▶ _Exercise aim_
Where the lines below hold images, skip those and copy every word exactly.

▶ _Given material_
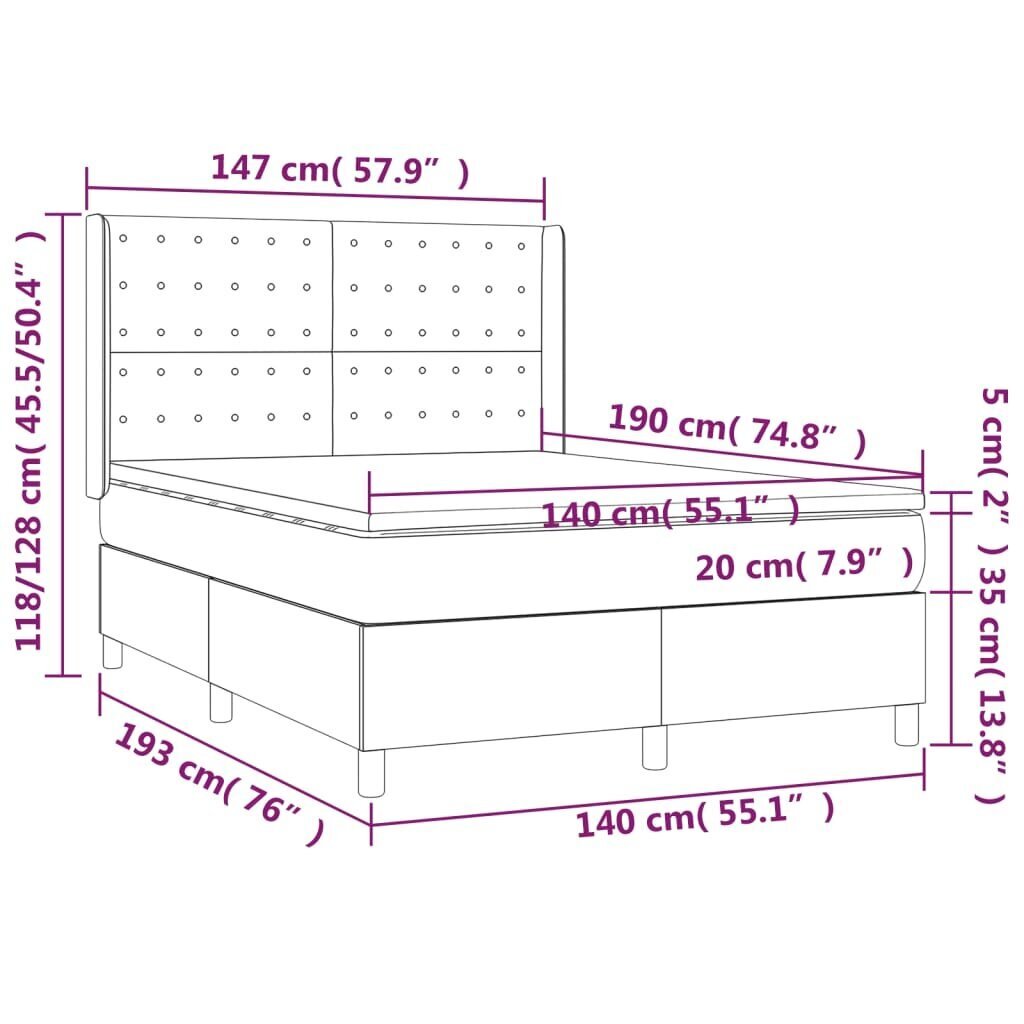 vidaXL kontinentaalvoodi madratsiga,tumehall, 140x190 cm, samet hind ja info | Voodid | kaup24.ee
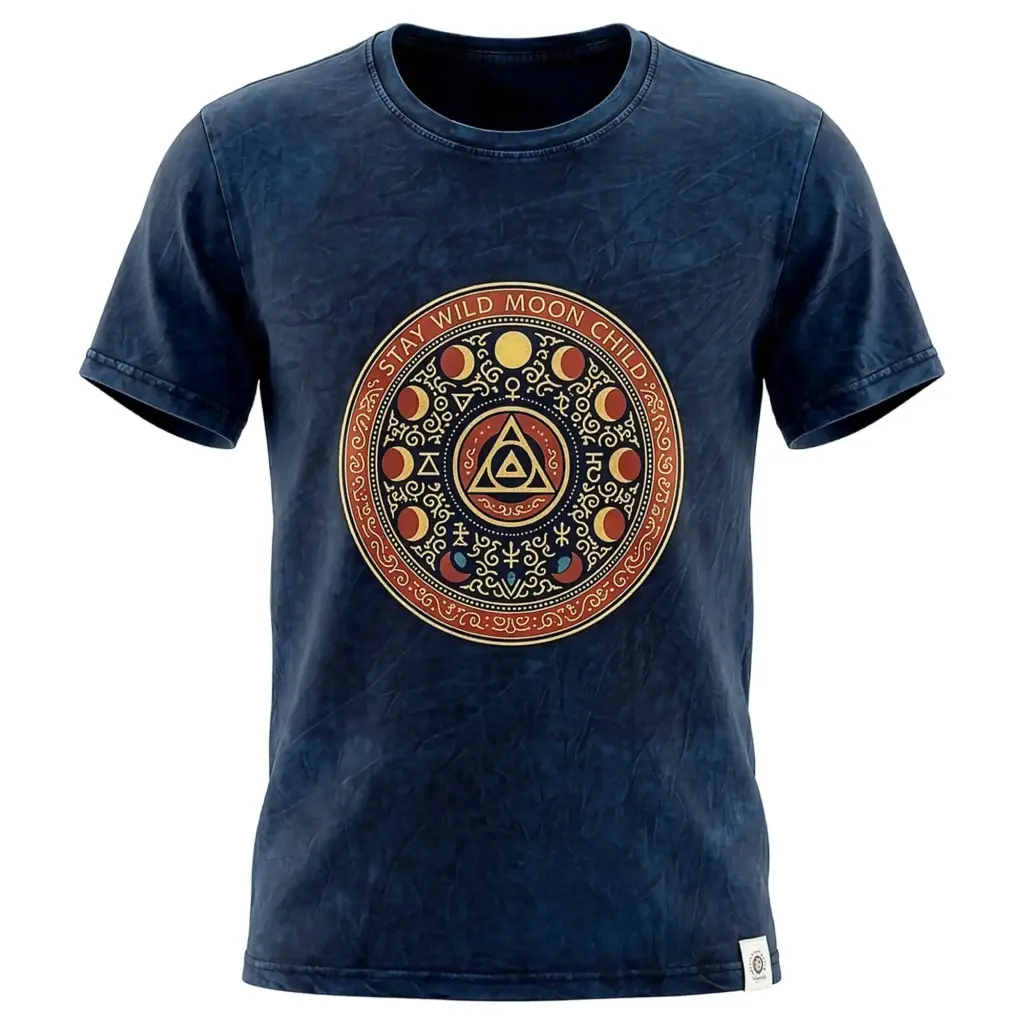 Nomad Sari Stonewashed Cotton T-Shirt – Stay Wild Moon Child – Blue – XL | www.artisangoods.co.uk 2 Nomad Sari Stonewashed Cotton T-Shirt – Stay Wild Moon Child – Blue – XL | www.artisangoods.co.uk 2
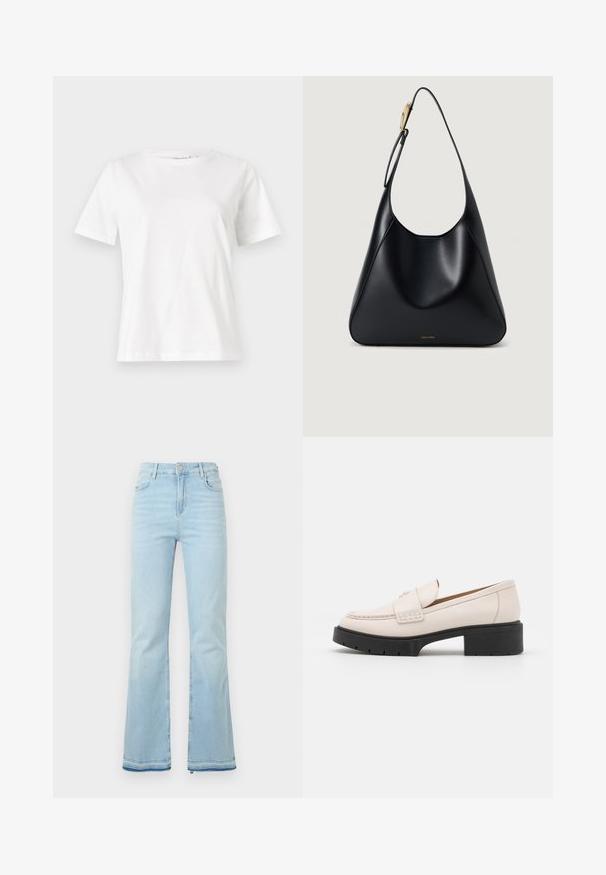 Bijela pamučna majica s kratkim rukavima, okruglim izrezom i opuštenim krojem. Glatka tekstura, bez uzoraka ili akcenata, minimalistički dizajn.; Svijetloplave traperice s širim nogavicama, visokog struka, s prednjim džepovima i sirovim rubom na manžetama za ležeran izgled.; Svijetlosmeđi kožni loaferi s ušivenim prednjim dijelom i teksturiranim crnim platformastim potplatom. Imaju zakrivljeni dizajn i blagu elevaciju.; Crna kožna torba za rame s glatkom teksturom, zakrivljenim siluetom i zlatnim detaljima. Ima utisnutu oznaku branda na dnu.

▶ _Task response_
 vidaXL kontinentaalvoodi madratsiga,tumehall, 140x190 cm, samet hind ja info | Voodid | kaup24.ee
 Nomad Sari Stonewashed Cotton T-Shirt – Stay Wild Moon Child – Blue – XL | www.artisangoods.co.uk 2 Nomad Sari Stonewashed Cotton T-Shirt – Stay Wild Moon Child – Blue – XL | www.artisangoods.co.uk 2
 Bijela pamučna majica s kratkim rukavima, okruglim izrezom i opuštenim krojem. Glatka tekstura, bez uzoraka ili akcenata, minimalistički dizajn.; Svijetloplave traperice s širim nogavicama, visokog struka, s prednjim džepovima i sirovim rubom na manžetama za ležeran izgled.; Svijetlosmeđi kožni loaferi s ušivenim prednjim dijelom i teksturiranim crnim platformastim potplatom. Imaju zakrivljeni dizajn i blagu elevaciju.; Crna kožna torba za rame s glatkom teksturom, zakrivljenim siluetom i zlatnim detaljima. Ima utisnutu oznaku branda na dnu.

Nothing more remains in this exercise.